HN comments for: Turbopuffer: Fast search on object storage

eknkc

15 replies

21h3m

2024-07-09 21:29:17 UTC

Is there a good general purpose solution where I can store a large read only database in s3 or something and do lookups directly on it?

Duckdb can open parquet files over http and query them but I found it to trigger a lot of small requests reading bunch of places from the files. I mean a lot.

I mostly need key / value lookups and could potentially store each key in a seperate object in s3 but for a couple hundred million objects.. It would be a lot more managable to have a single file and maybe a cacheable index.

tionis

5 replies

17h30m

2024-07-10 01:02:10 UTC

You could use a sqlite database and use range queries using something like this: https://github.com/psanford/sqlite3vfshttp https://github.com/phiresky/sql.js-httpvfs

Simon Willison wrote about it: https://simonwillison.net/2022/Aug/10/sqlite-http/

eknkc

3 replies

10h38m

2024-07-10 07:54:17 UTC

Yep this thing is the reason I thought about doing it in the first place. Tried duckdb which has built in support for range requests over http.

Whole idea makes sense but I feel like the file format should be specifically tuned for this use case. Otherwise you end up with a lot of range requests because it was designed for disk access.
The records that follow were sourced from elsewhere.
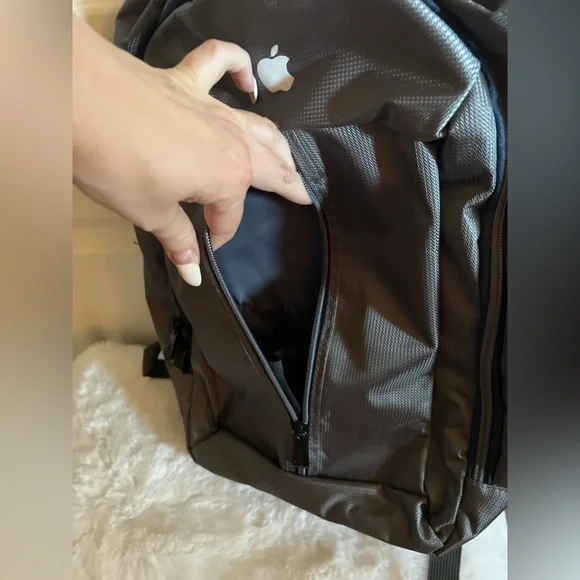 Basecamp gray nylon backpack Apple logo laptop work travel pockets school - Picture 8 of 16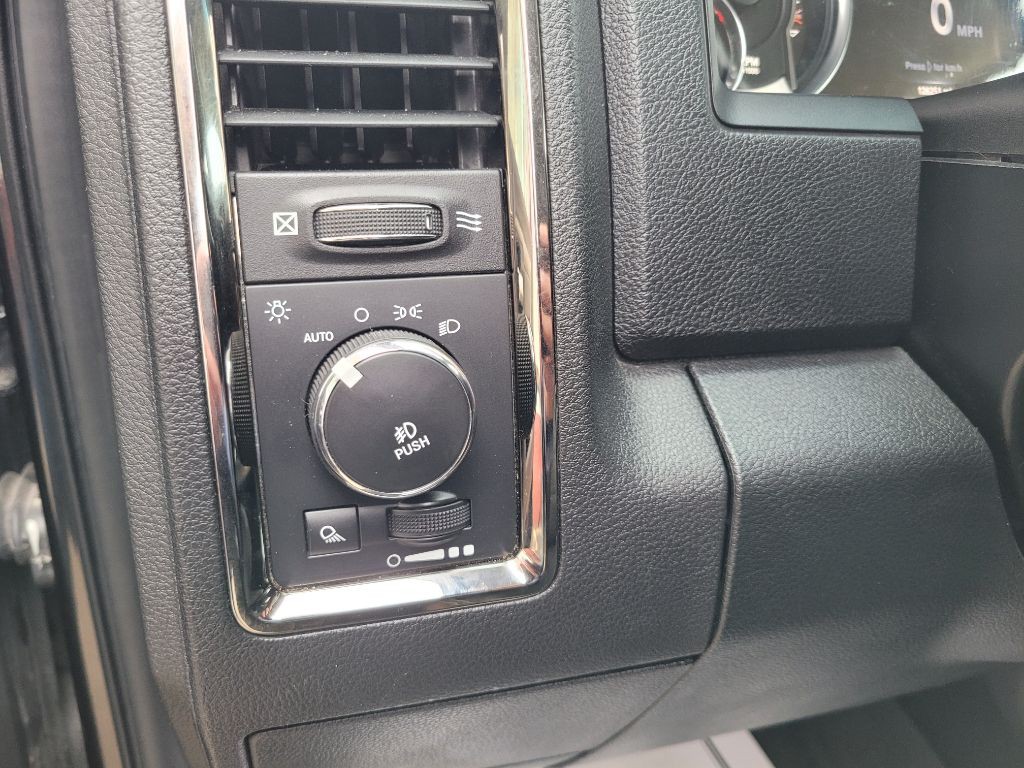 2016 RAM 1500 Image 22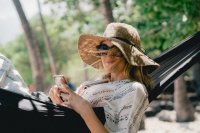 Ontspanning en avontuur in één klik: De kunst van online ontspannen voor vrouwen!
I wondered if anything was actually designed for that.

hobofan

2 replies

7h15m

2024-07-10 11:16:28 UTC

Parquet and other columnar storage formats are essentially already tuned for that.

A lot of requests in themselves shouldn't be that horrible with Cloudfront nowadays, as you both have low latency and with HTTP2 a low-overhead RPC channel.

There are some potential remedies, but each come with significant architetural impact:

- Bigger range queries; For smallish tables, instead of trying to do point-based access for individual rows, instead retrieve bigger chunks at once and scan through them locally -> Less requests, but likely also more wasted bandwidth

- Compute the specific view live with a remote DuckDB -> Has the downside of having to introduce a DuckDB instance that you have to manage between the browser and S3

- Precompute the data you are interested into new parquest files -> Only works if you can anticipate the query patterns enough

I read in the sibling comment that your main issue seems to be re-reading of metadata. DuckDB is AFAIK able to cache the metadata, but won't across instances. I've seen someone have the same issue, and the problem was that they only created short-lived DuckDB in-memory instances (every time the wanted to run a query), so every time the fresh DB had to retrieve the metadata again.

eknkc

1 replies

7h2m

2024-07-10 11:30:19 UTC

Thanks for the insights. Precomputing is not really suitable for this and the thing is, I'm mostly using it as a lookup table on key / value queries. I know Duckdb is mostly suitable for aggregation but the http range query support was too attractive to pass on.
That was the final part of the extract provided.